Abat-Baitak necropolis

Type of monument: Sacral object of national importance

Date of monument: XIV-XX centuries

Location: Aktyubinsk region, Khobda district, 12 km south-south-west of Taldysai village

Research: This monument was first mentioned in the book of P.I. Rychkov “Topography of the Orenburg province”, which says that the second lieutenant Rigelman in a place where the river Karasu flows into Bolshaya Kobda, found and sketched stone pyramid-like structures, which the Kirghiz (Kazakh) called Astana and allegedly buried nobles, one of which they call Baitan (Baitak). Later, at the end of the twentieth century, Ya.Ya. Polferov described this monument, taking the legend as a basis. For the first time in the twentieth century a graphic fixture of “Baitak mausoleum” was published in the work of I.A. Kastanie “Antiquities of the Kirghiz steppe and the Orenburg region”. In the postwar years the monument began to attract the attention of historians who studied the architecture of nomads. M. Mendikulov conducted a comparative typological analysis of the Abat-Baitak mausoleum. Comprehensive study of the Abat-Baitak necropolis, long considered in the scientific community as a lost monument, was conducted in 1979-1980 by the expedition of the Ministry of Culture of the Republic of Kazakhstan (headed by S. Azhigali).

Brief description: Significance of the Abat-Baitak complex is associated with foundation of the necropolis here in the XVIII-XX centuries, which is of great importance for the Kazakh people. It includes, in addition to Abat mausoleum, one mausoleum, built of wet brick and more than 200 gravestones, which are located on the western side of the graves. Abat-Baitak gravestones differ in various patterns, compositional and decorative solutions and attractiveness of stone carving. Among them, a petrified wood gravestone in the western part of the necropolis draws attention with its unusual simplicity. Many of the monuments have texts and signs written in Kazakh in Arabic script. They have very important historical and ethnographic significance. Representatives of Tabyn, Kete, Shekti, Ozhyrai, Baibakty and other clans of the Younger Juz were buried here. According to the doctor of historical sciences, professor S. Azhigali, the mausoleum had a portal with a wall thickness of 3 meters and height about 5 meters. The main height of the mausoleum was 16 meters, and the present height is 14.5 meters.
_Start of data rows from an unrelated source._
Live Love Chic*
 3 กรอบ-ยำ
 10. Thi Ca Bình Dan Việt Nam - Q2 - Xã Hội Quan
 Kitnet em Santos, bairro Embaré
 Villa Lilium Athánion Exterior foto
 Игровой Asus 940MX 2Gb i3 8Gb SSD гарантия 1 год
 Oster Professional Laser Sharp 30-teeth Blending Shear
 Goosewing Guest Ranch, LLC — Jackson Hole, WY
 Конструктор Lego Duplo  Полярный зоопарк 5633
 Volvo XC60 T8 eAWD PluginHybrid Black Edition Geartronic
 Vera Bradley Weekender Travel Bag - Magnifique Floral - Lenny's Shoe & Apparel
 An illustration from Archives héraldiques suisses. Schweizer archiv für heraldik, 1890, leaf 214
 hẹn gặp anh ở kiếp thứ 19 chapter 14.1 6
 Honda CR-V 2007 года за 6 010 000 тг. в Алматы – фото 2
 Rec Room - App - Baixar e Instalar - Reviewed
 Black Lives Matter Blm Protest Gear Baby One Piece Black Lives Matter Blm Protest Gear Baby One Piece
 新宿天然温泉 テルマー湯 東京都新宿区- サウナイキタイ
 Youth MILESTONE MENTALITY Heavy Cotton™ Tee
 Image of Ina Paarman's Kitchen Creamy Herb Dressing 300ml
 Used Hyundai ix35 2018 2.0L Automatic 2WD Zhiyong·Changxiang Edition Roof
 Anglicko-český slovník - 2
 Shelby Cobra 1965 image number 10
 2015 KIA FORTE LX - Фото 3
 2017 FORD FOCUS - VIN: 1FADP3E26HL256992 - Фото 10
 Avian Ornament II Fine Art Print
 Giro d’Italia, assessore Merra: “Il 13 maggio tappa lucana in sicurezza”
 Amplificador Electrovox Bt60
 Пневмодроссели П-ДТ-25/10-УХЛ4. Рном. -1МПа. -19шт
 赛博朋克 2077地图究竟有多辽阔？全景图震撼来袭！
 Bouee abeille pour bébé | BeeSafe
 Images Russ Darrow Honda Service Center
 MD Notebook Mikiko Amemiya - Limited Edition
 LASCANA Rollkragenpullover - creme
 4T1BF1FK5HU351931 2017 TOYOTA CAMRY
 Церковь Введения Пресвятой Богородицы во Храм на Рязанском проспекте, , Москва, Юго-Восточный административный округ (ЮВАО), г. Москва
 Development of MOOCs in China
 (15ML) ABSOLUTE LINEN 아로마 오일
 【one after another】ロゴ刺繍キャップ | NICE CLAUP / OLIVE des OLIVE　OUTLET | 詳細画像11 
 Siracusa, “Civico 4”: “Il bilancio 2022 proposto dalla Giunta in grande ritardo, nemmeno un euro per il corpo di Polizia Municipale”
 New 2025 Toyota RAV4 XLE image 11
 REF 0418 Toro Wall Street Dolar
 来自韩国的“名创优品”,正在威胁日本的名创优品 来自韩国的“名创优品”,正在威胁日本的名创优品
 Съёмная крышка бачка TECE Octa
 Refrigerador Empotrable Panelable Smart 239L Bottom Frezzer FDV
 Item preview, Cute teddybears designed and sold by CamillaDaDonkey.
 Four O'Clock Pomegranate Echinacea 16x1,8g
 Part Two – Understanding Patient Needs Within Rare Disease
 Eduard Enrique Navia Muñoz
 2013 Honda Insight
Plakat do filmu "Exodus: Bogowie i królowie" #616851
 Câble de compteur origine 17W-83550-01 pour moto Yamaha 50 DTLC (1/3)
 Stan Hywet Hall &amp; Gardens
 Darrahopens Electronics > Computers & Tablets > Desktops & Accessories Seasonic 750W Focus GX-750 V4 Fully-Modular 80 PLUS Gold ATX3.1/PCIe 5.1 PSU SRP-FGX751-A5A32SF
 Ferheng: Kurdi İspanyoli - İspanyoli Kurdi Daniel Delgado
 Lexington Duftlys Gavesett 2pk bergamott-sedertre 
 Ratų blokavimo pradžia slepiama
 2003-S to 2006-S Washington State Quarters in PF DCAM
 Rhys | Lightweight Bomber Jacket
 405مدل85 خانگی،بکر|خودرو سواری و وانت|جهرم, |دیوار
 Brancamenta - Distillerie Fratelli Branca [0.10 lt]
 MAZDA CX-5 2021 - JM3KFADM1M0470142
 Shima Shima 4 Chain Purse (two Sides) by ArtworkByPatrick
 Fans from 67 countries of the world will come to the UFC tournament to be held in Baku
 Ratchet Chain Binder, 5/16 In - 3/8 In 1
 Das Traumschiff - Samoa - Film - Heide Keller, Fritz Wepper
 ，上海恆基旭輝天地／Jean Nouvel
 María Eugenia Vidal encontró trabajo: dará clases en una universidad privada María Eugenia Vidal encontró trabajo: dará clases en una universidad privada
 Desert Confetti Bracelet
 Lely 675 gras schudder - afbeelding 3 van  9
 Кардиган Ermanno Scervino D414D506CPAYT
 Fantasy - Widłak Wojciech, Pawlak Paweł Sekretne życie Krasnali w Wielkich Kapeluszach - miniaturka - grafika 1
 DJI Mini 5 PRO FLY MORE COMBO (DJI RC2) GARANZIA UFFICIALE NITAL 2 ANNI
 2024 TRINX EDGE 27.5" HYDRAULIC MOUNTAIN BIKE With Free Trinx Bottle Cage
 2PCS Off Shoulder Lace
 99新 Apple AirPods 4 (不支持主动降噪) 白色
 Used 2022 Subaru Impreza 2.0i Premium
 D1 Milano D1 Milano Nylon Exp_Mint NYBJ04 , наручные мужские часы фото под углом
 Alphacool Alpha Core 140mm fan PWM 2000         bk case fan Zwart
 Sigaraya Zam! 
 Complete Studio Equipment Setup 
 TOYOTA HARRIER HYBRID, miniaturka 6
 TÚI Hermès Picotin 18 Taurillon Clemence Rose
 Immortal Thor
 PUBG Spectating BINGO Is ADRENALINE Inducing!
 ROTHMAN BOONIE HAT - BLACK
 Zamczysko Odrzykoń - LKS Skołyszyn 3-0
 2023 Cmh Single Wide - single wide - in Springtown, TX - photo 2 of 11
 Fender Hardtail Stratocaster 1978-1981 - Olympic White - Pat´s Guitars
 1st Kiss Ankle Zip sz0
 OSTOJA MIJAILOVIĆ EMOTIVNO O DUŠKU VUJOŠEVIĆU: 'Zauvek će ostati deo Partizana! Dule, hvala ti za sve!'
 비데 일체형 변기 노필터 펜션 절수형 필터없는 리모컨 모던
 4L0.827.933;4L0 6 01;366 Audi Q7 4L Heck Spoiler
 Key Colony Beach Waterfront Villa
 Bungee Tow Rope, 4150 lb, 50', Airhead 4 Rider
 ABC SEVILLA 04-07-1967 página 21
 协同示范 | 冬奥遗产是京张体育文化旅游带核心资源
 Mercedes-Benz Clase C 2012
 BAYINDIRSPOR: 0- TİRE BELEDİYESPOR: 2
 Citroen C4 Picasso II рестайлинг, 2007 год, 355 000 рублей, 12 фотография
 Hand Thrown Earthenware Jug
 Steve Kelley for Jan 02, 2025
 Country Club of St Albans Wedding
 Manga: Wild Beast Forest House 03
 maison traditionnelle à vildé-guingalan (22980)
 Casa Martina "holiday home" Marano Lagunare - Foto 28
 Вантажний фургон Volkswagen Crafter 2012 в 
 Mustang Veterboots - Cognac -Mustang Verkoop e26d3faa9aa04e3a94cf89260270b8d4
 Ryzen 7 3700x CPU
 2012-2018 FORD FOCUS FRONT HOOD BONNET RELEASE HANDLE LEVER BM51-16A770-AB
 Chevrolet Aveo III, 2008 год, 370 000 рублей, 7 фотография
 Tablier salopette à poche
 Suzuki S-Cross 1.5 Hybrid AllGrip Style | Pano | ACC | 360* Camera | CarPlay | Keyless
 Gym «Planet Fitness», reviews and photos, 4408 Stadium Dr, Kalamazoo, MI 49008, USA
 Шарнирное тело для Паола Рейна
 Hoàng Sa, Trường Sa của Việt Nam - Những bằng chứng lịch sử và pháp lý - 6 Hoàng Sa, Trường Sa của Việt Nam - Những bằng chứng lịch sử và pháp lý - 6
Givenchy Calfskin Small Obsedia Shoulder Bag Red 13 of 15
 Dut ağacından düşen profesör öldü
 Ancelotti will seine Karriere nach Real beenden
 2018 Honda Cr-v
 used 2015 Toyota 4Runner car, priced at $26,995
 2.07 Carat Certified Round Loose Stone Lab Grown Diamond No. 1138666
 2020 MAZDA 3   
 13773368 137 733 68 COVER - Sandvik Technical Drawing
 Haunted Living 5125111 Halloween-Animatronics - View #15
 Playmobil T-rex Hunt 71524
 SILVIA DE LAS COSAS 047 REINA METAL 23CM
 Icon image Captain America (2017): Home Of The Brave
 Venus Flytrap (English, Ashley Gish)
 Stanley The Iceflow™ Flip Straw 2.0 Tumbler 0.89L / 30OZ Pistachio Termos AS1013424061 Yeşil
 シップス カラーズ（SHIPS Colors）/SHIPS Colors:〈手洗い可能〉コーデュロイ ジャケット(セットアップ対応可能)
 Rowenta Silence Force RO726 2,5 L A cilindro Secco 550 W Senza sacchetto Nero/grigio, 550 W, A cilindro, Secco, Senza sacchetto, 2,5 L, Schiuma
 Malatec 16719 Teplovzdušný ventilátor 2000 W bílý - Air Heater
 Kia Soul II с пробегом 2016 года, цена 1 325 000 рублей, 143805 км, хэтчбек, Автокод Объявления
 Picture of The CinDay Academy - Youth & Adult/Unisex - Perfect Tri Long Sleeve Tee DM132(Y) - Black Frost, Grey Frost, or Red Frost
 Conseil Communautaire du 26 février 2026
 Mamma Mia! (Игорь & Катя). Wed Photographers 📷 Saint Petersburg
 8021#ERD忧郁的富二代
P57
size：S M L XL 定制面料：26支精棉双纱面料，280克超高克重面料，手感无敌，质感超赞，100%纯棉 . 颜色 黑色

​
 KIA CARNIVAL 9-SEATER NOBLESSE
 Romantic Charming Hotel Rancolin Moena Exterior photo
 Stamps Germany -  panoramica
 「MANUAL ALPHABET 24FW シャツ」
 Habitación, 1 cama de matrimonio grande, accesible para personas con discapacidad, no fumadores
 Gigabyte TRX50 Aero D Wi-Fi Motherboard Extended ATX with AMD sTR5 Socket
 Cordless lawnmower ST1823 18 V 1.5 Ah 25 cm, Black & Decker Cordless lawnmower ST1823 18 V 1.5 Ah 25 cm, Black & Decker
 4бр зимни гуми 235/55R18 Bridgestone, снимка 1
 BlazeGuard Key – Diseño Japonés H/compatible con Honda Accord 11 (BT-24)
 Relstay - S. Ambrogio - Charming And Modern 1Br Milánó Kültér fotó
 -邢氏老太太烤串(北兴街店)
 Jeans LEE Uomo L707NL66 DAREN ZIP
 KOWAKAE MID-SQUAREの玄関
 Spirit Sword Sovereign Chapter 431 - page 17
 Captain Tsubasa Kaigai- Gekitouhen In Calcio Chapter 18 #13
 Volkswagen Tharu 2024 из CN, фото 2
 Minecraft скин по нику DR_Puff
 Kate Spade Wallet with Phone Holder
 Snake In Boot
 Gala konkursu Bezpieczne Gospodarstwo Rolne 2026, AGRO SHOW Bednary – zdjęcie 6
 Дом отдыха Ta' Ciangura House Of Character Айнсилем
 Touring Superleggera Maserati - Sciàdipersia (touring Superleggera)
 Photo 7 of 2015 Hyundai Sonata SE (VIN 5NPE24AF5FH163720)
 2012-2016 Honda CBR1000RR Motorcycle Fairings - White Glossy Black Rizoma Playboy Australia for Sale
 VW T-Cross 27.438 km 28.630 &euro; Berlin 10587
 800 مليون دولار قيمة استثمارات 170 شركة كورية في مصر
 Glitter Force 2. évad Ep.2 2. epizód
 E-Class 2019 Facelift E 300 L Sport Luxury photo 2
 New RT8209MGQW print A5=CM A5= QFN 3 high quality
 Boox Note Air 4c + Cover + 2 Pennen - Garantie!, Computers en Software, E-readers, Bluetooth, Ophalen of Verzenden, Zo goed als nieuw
Legend: According to the legend, this mausoleum was built for Abat Batyr, the son of Asan Kaig, who lived in the 15th century and was looking for the land of promise “Zheruyik”. Abat batyr, who went out in search of good pastures for his cattle on his father’s errand, fell from camel and died at Beskopa. The second name of the mausoleum “Baitak” means “vast, wide, endless”. According to the legend, Baitak was a man who helped the poor a lot and was very generous. It is said that this name was given to him by the people.